____ Recorded data

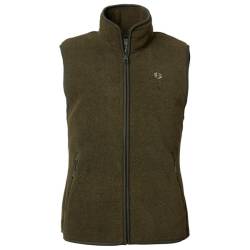 Chevalier - Women's Mainstone Fleece Vest - Fleeceweste Gr 38 oliv von Chevalier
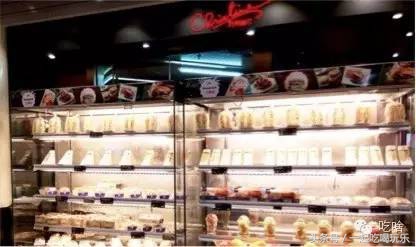 上海最受欢迎的八家高人气面包店,魔都十大面包店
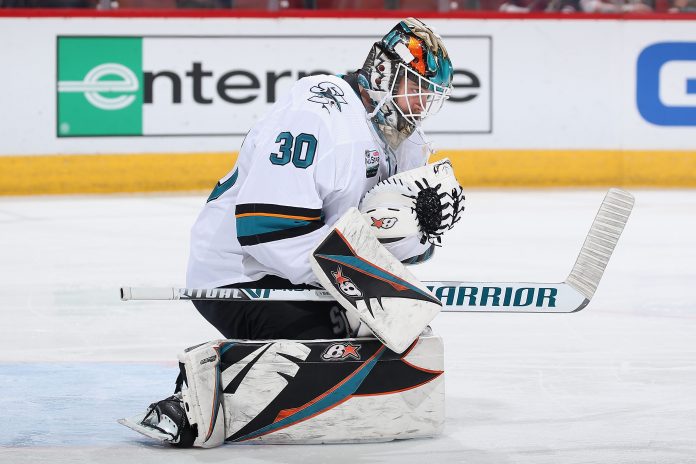 San Jose Sharks v Arizona Coyotes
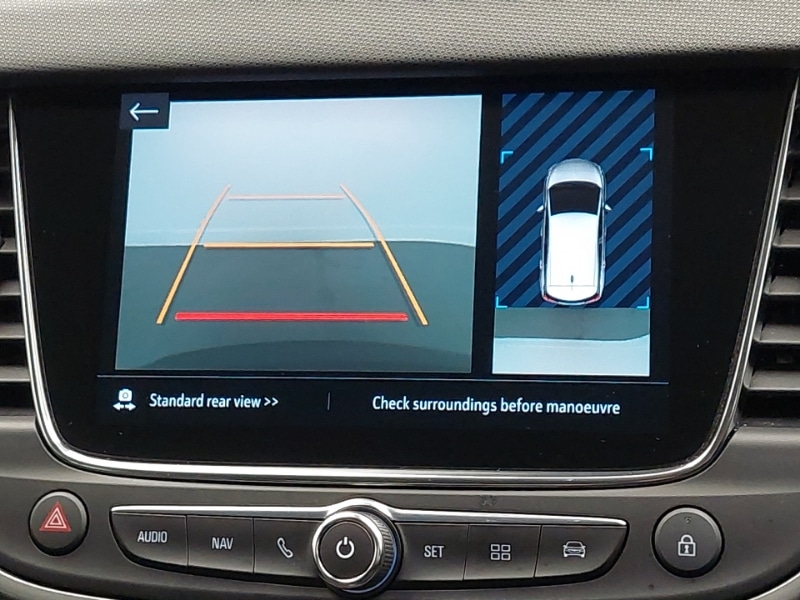 Used Vauxhall Crossland 2022 for sale - 76959312: Photo 14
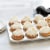 Nordic Ware Naturals 12 Cavity Muffin Pan with High-Domed Lid Perspective: right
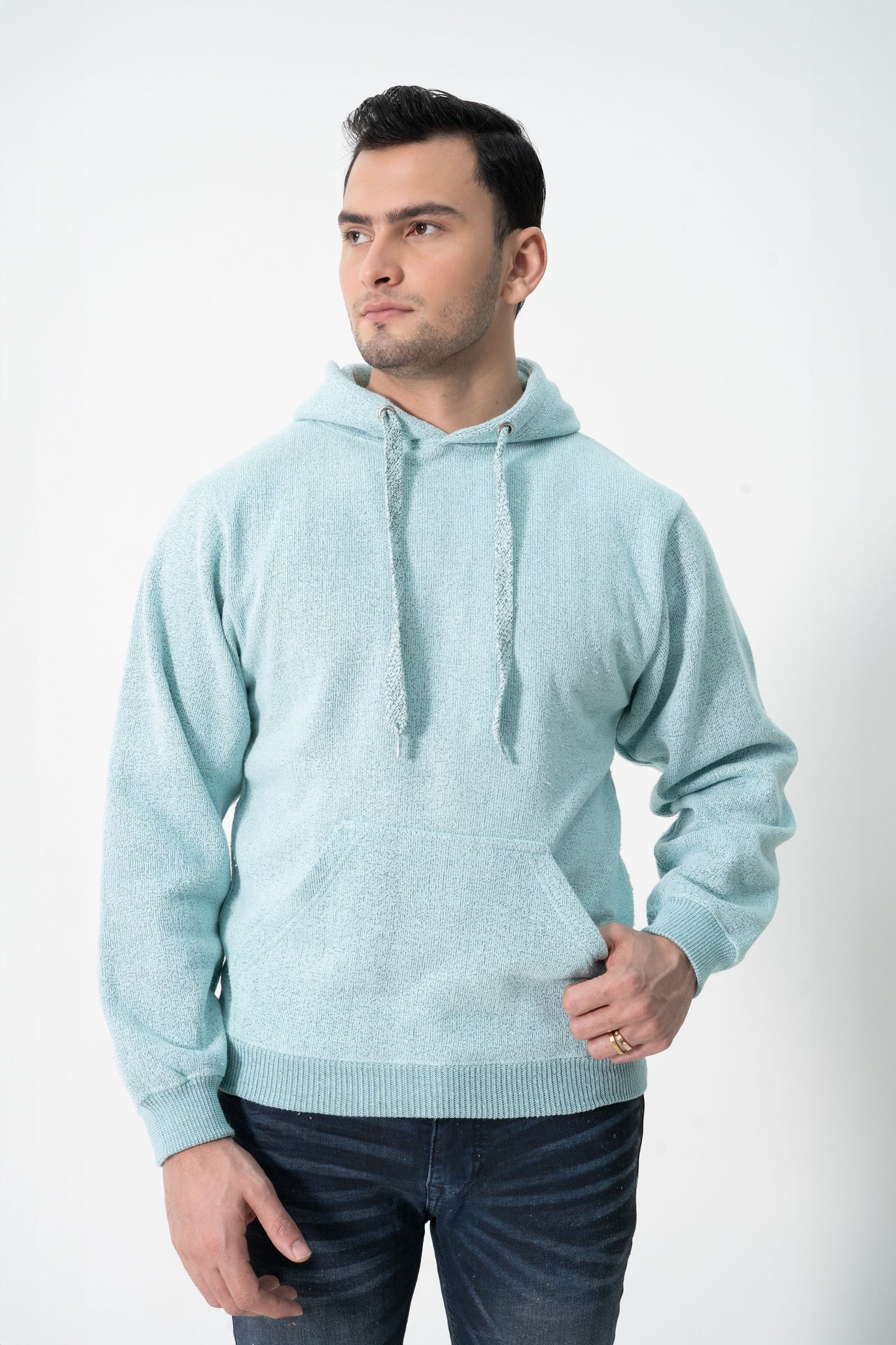 RW Men's Fleece Minor Fault Pullover Hoodie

________

> **Instructions for the task**:
The listing above should be transcribed word for word, with its pictures left out.

> **Completed task**:
 Chevalier - Women's Mainstone Fleece Vest - Fleeceweste Gr 38 oliv von Chevalier
 上海最受欢迎的八家高人气面包店,魔都十大面包店
 San Jose Sharks v Arizona Coyotes
 Used Vauxhall Crossland 2022 for sale - 76959312: Photo 14
 Nordic Ware Naturals 12 Cavity Muffin Pan with High-Domed Lid Perspective: right
 RW Men's Fleece Minor Fault Pullover Hoodie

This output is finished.